Toxic Urbanism
previous research
Research by: Max Jarosz
In an increasingly toxic world where the average person’s body contains 29/35 of the toxins listed on the restricted and hazardous substance list, toxicity is unavoidable. There has always been a link between architecture and toxicity, starting with the earliest cave fires that traded oxygen for carbon monoxide in exchange for thermal comfort. That relationship has become increasingly complex as our material palette and production methods have evolved. This thesis aims to explore a methodology for understanding and representing the relationship between architecture and toxicity. The thesis re-imagines toxins to become active agents in design. Through the negotiation between hard and soft boundaries this work speculates on an architecture of gradients, densities, and velocities to produce temporal spaces of occupation.

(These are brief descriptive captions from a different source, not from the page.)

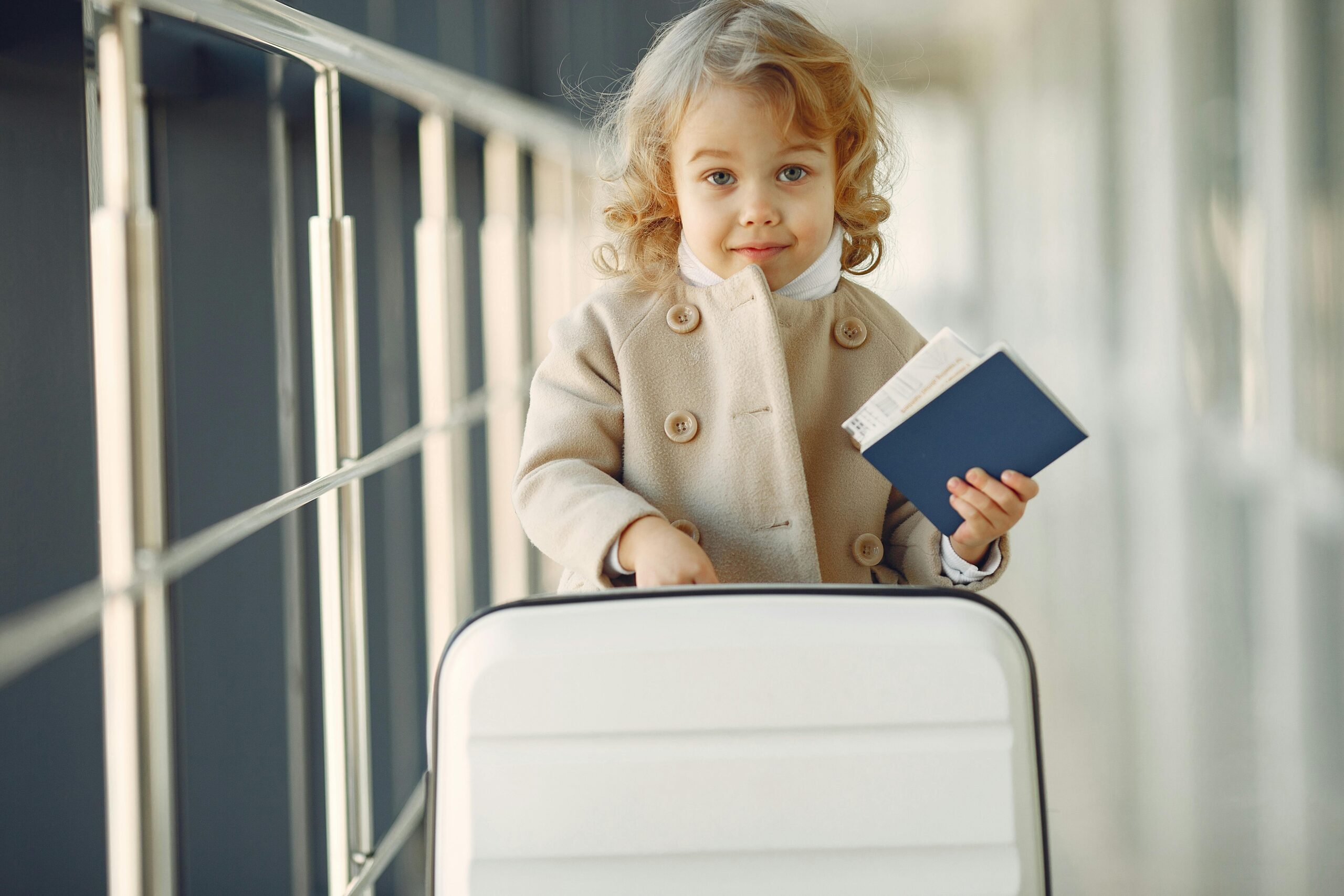 Cute little girl with suitcase and passport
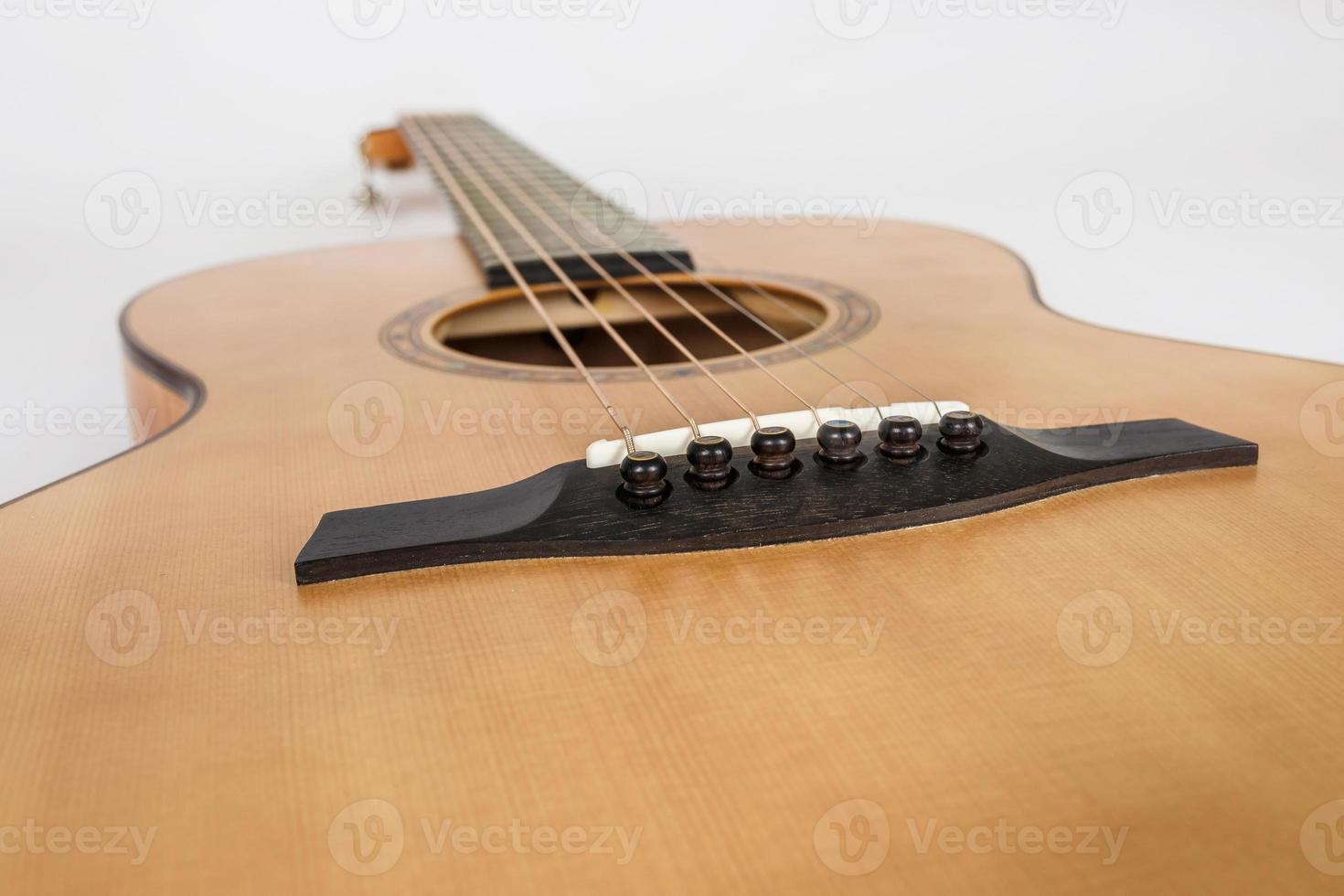 wood texture of lower deck of six strings acoustic guitar on white background. guitar shape photo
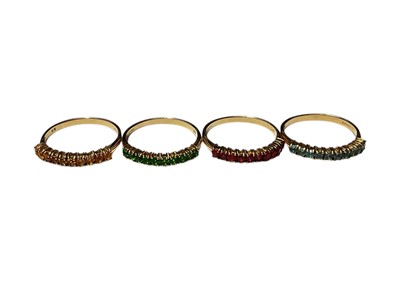 Lot 313 - Set of four 9ct gold gem set half eternity rings, each band set with a line of ten round cut stones in blue, yellow, green and red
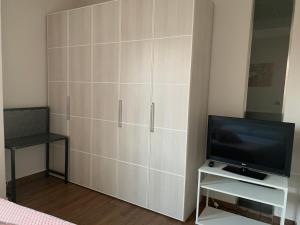 a white cabinet with a tv and a chair at A Casa di Viola - Appartamento in La Morra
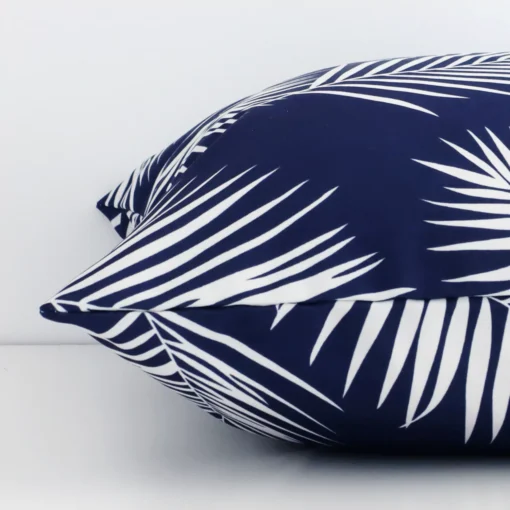 A palm printed navy cushion cover is laid flat. This angle shows the side of the outdoor fabric and its square shape.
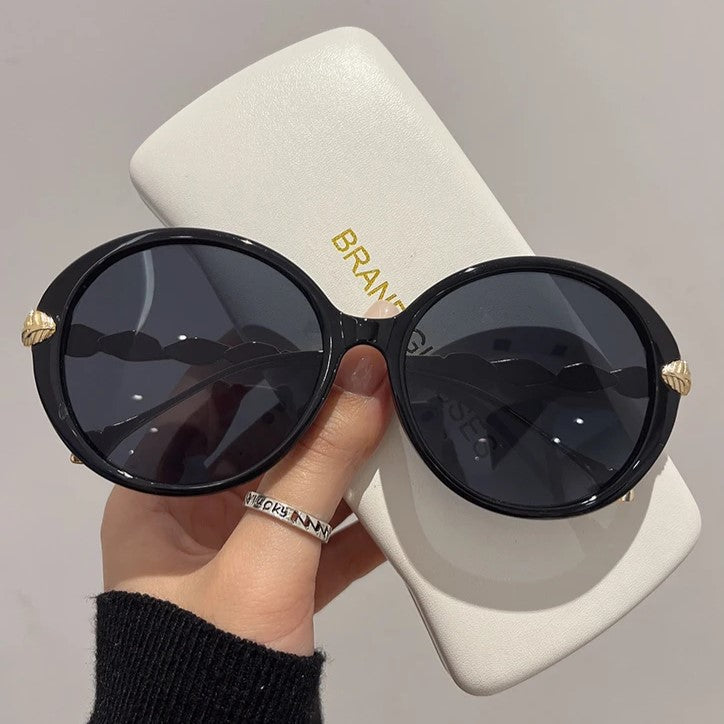 Schwarze runde Sonnenbrille mit Etui, Damenmode, UV-Schutz, stilvoll, elegant.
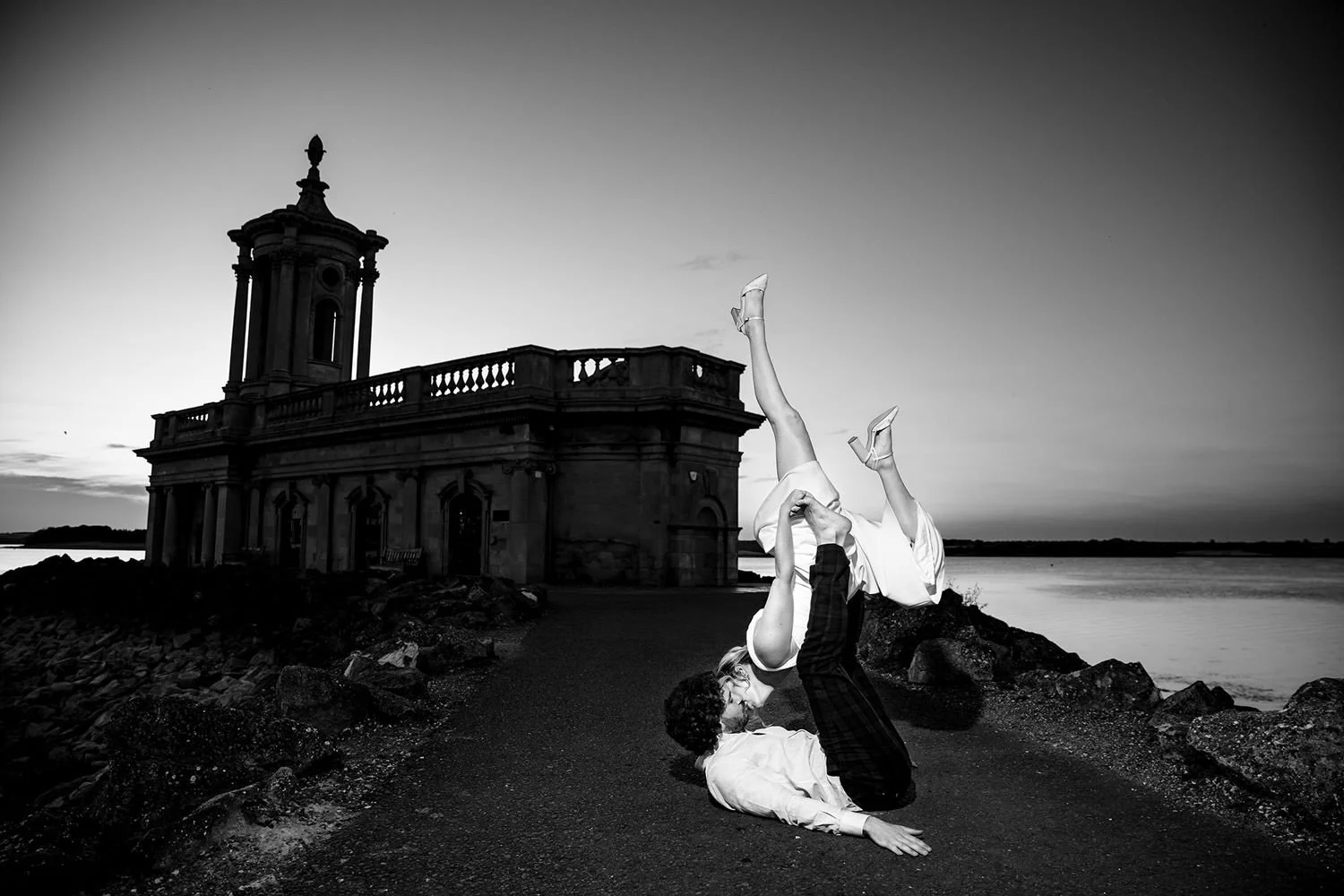 A couple performing acro yoga on a rocky path near water at sunset, with historic building in background.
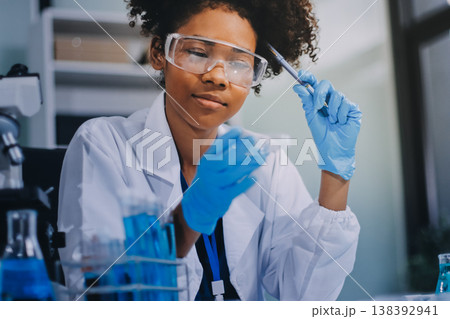 Researchers working in the clinical laboratory Researchers working in the clinical laboratory 138392941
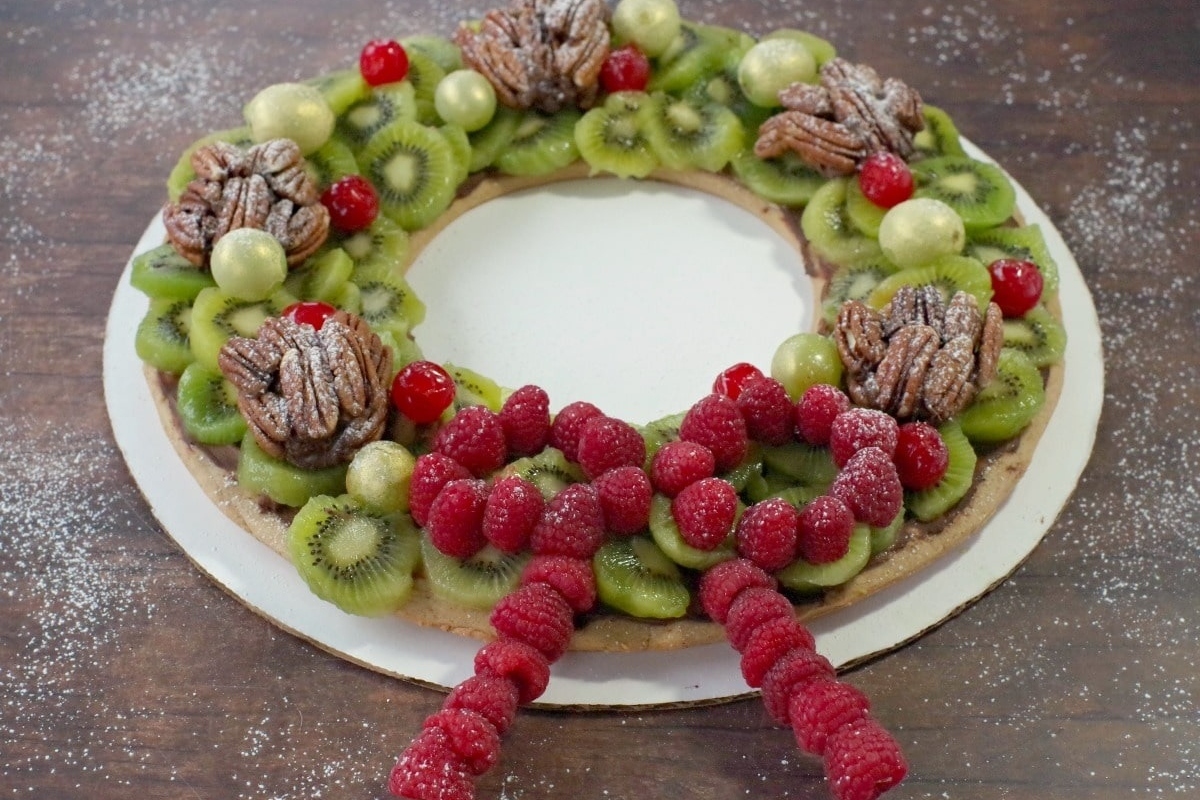 A christmas wreath made of fruit and nuts.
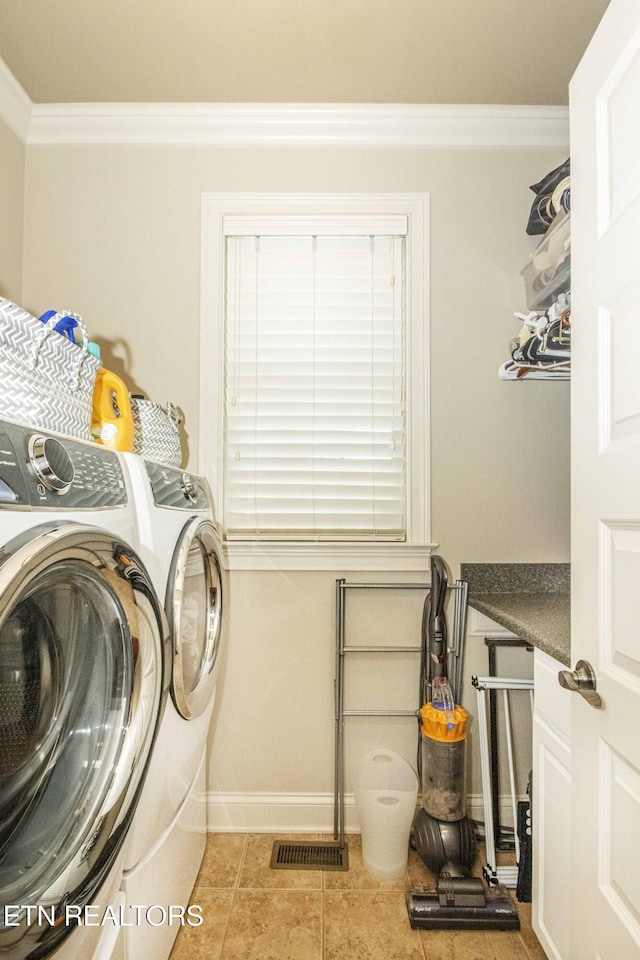 719 Lake Vista Ln Unit 3, Knoxville, TN 37934 - washroom featuring crown molding, laundry area, tile patterned flooring, baseboards, and washer and clothes dryer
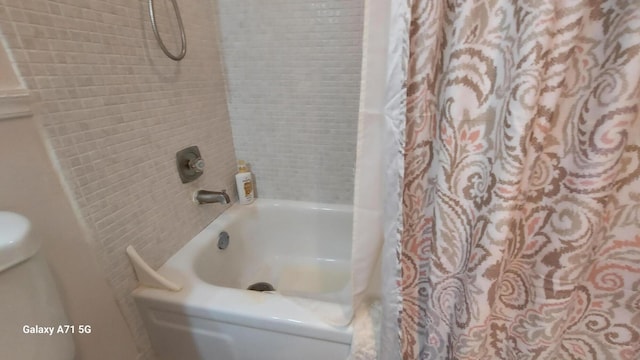 bathroom featuring shower / bath combination with curtain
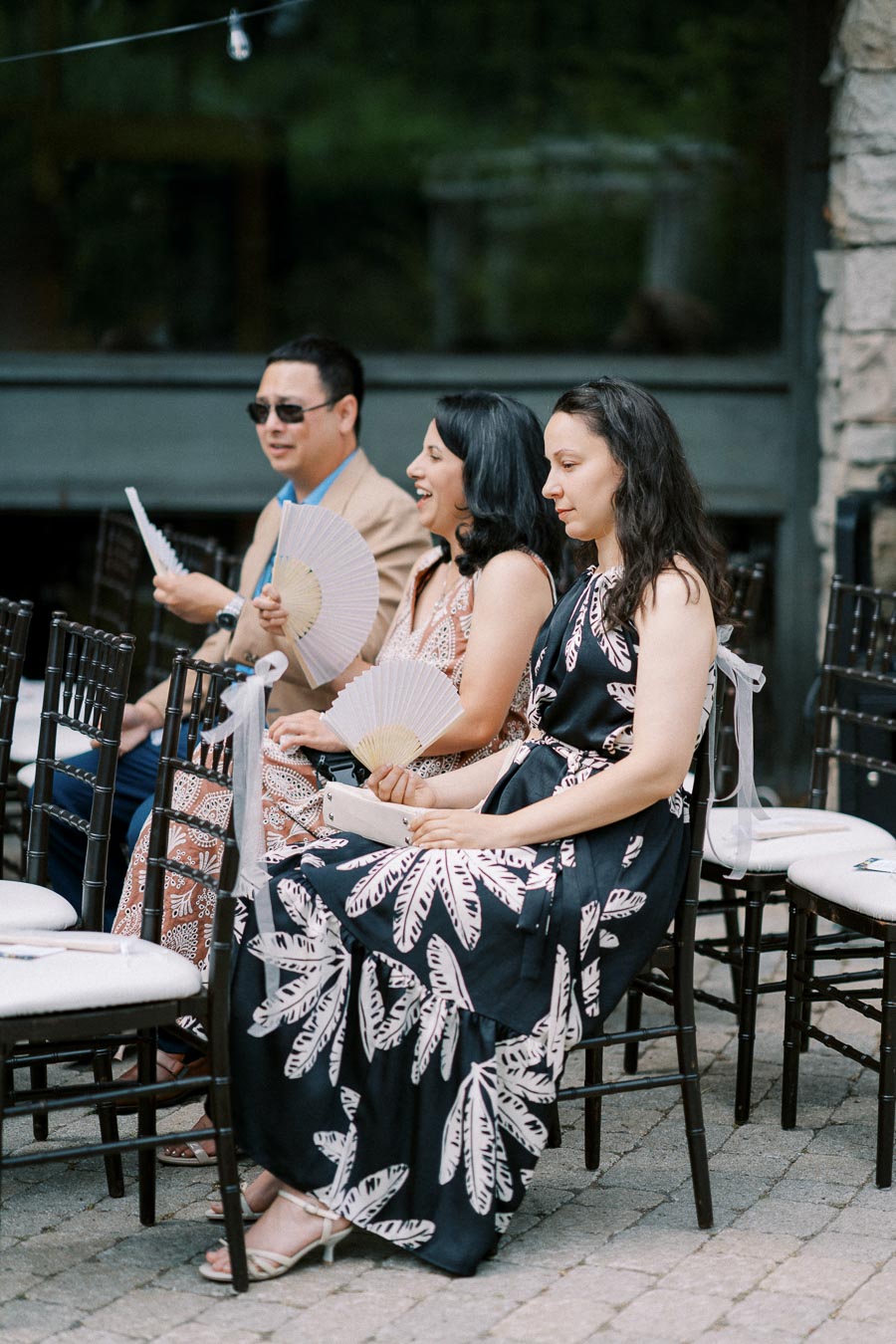 Guests seated at an outdoor wedding ceremony, holding paper fans, wearing elegant summer dresses and a suit, with black chairs arranged in rows.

Looking through our history of toxicity, it is clear that our we are trending in an irreversible direction, yet we continue on. Each successive manufacturing wave produces a more toxic methodology of production that seems to be autonomously masked from its an increasing toxic waste. The project is structured through three stages hearth, heimatlosigkeit, and finally home. These three categories parallel the development of modern technical production. The early hearth that produced a cultural and technical center and ultimately becoming the metaphorical symbol of home. As it continued to evolve, smelting and energy production followed its transformation. As a result of modernization, a sense of homelessness that represents the feeling produced by the binary between our productive means and destructive methods of toxicity emerged. This thesis argues that architecture will once again produce our sense of home once it accepts that there will be no post-toxic future.
The year is 2024.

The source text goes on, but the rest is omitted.